Depth-of-interaction (DOI) encoding is an effective strategy for reducing parallax error and preserving spatial resolution in positron emission tomography (PET), particularly in compact small-animal scanners. To enable efficient simulation-driven design of DOI-capable systems, we extend the GPU-accelerated Monte Carlo toolkit gPET to support flexible multi-layer detector geometries. The original three-level hierarchical detector model in gPET (panel-module-crystal) was expanded by introducing an intermediate "layer" level, enabling parameterized modeling of stacked scintillator architectures. The photon transport algorithm was correspondingly updated to sample interactions across multiple layers and detector panels while preserving GPU-efficient memory usage. The framework was validated using three scanner configurations: a conventional single-layer ring (H2RSPET-1CL), an aligned split-layer design (H2RSPET-1CL-split), and an offset dual-layer design (H2RSPET-2CL). System performance was evaluated following NEMA NU4-2008 protocols using sensitivity, spatial resolution, and Derenzo phantom simulations with CASToR-based maximum likelihood expectation maximization reconstruction. The H2RSPET-1CL and H2RSPET-1CL-split configurations produced statistically identical hit distributions, while H2RSPET-2CL exhibited the expected offset interaction patterns. Sensitivity of H2RSPET-2CL remained comparable to H2RSPET-1CL, generally within about 2-5 percent, while radial spatial resolution improved substantially (0.8-1.6 mm vs. 1.0-4.2 mm from the center to a 50 mm radial offset). Runtime performance remained essentially unchanged between configurations. The extended gPET framework therefore enables fast and flexible simulation of multi-layer PET detectors and supports efficient optimization of DOI-enabled PET system designs.

Figures (8)

• Figure 1: Illustration of the extended hierarchical description of a PET detector.
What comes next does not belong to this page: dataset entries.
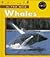 Whales (In the Wild)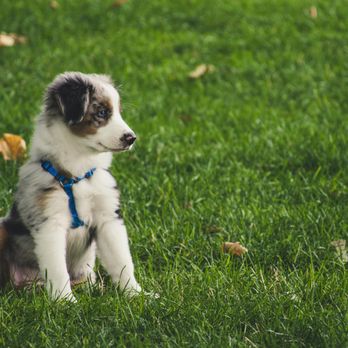 Platinum Scoops - Pet Waste Removal Near Me - Waco, Texas Platinum Scoops - Pet Waste Removal Near Me - Waco, Texas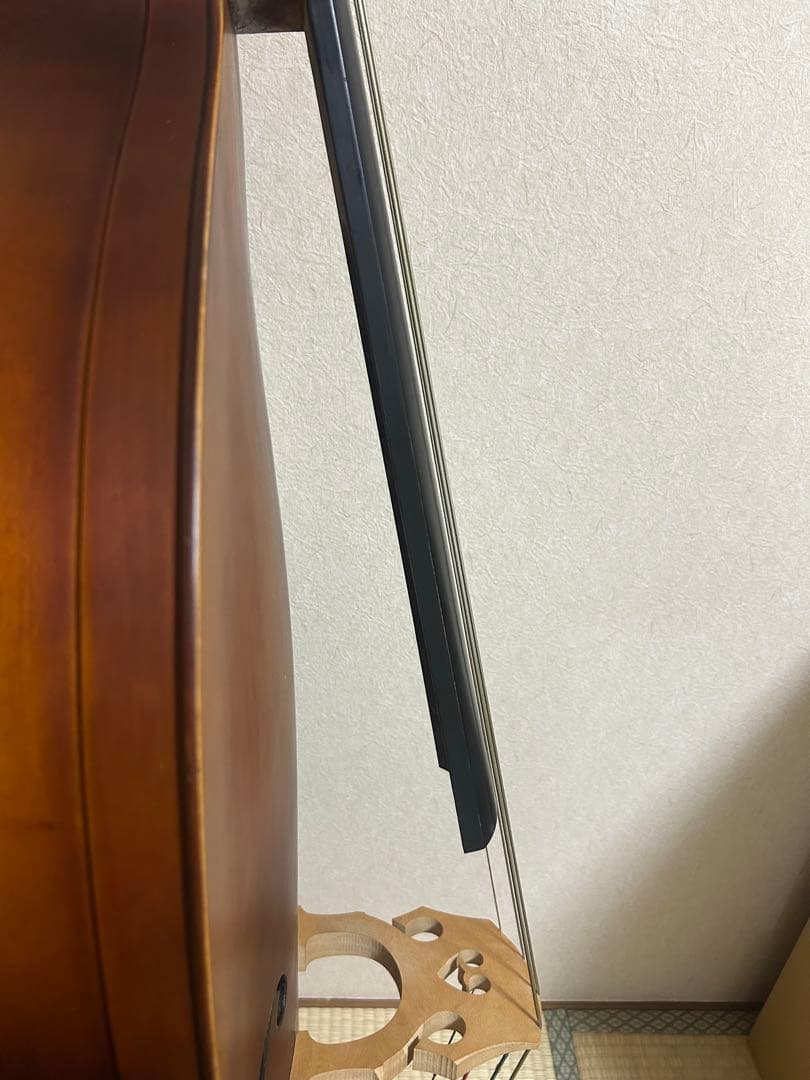 【かのん】【関西での手渡し】ハルシュタット コントラバス WBS-800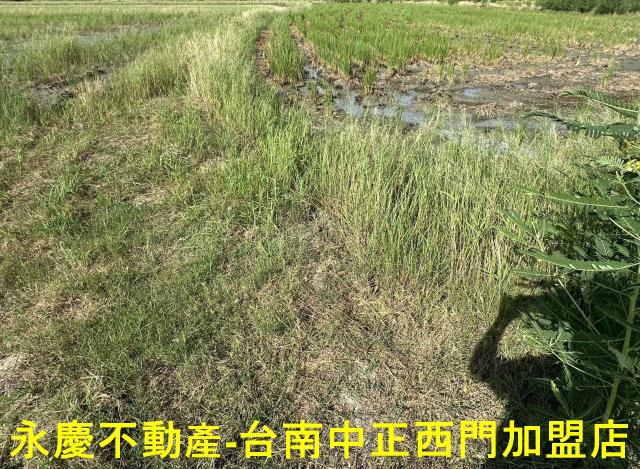 台南仁德農地-2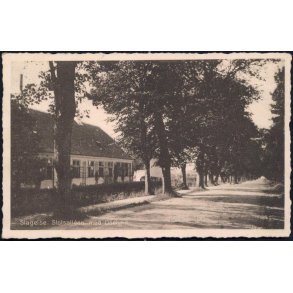 Slagelse - Slotsalleen med Liselund - Stender 29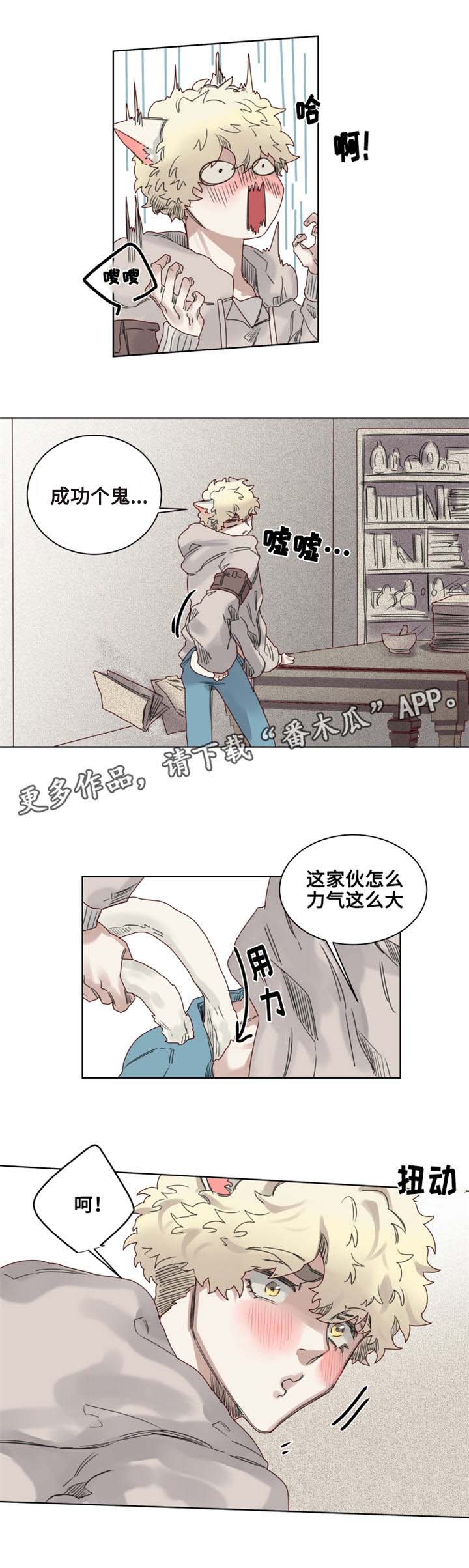 《魔法师皮塔》漫画最新章节第9章猫咪套装免费下拉式在线观看章节第【3】张图片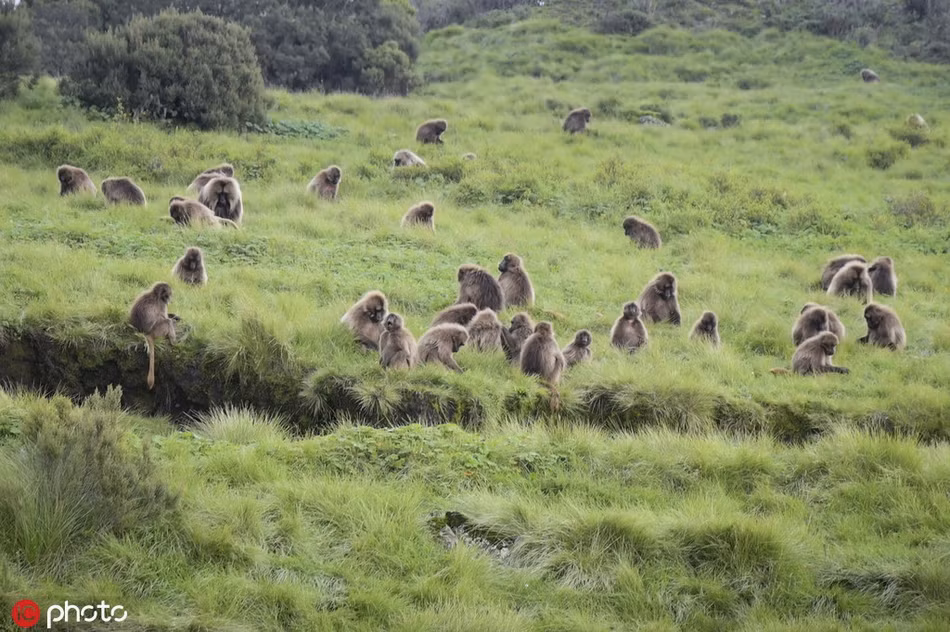 Loai khi la lung co bom cuc dieu, hut anh nhin lan dau tien-Hinh-4
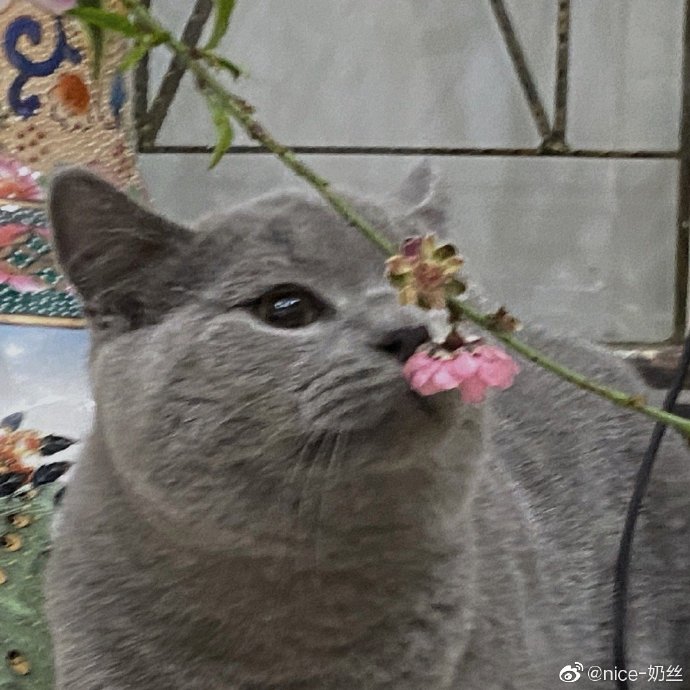 猫图片|宠物猫|猫咪|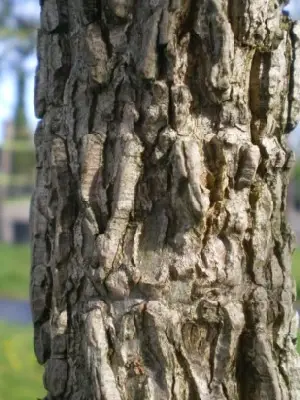 LIQUIDAMBAR styraciflua 'Gum Ball' - image 3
Compared with the original three-level geometry used in gPET (panel, module, crystal)Lai2019gPET, the extended framework introduces a new layer level between the module and crystal for a four-level hierarchy: panel (level 0, highest), module (level 1), layer (level 2), and individual crystal (level 3, lowest).
• Figure 2: Geometry illustration of (a) H2RSPET-1CL PET and (b) H2RSPET-2CL PET. The two scanners have the same diameter, axial length, and pitch size, except H2RSPET-2CL PET is a two-layer design with a half-pitch offset between the two layers.
• Figure 3: Histogram of hit depth events in the H2RSPET detectors: (left) H2RSPET-1CL versus H2RSPET-1CL-split, and (right) H2RSPET-1CL versus H2RSPET-2CL. The $x$-axis (cm) denotes the depth of interaction (DOI) in the panel's local coordinate frame.
• Figure 4: Scatter plot within panel's $x$ and $y$ view for a1) the H2RSPET-1CL split-layer configuration and a2) the H2RSPET-2CL scanner. b) Axial distributions of hit events along the global $z$ direction for H2RSPET-1CL and H2RSPET-2CL with a central point source.
• Figure 5: Sensitivity profiles and percent differences for H2RSPET-1CL and H2RSPET-2CL scanner configurations along (a) axial and (b) radial directions.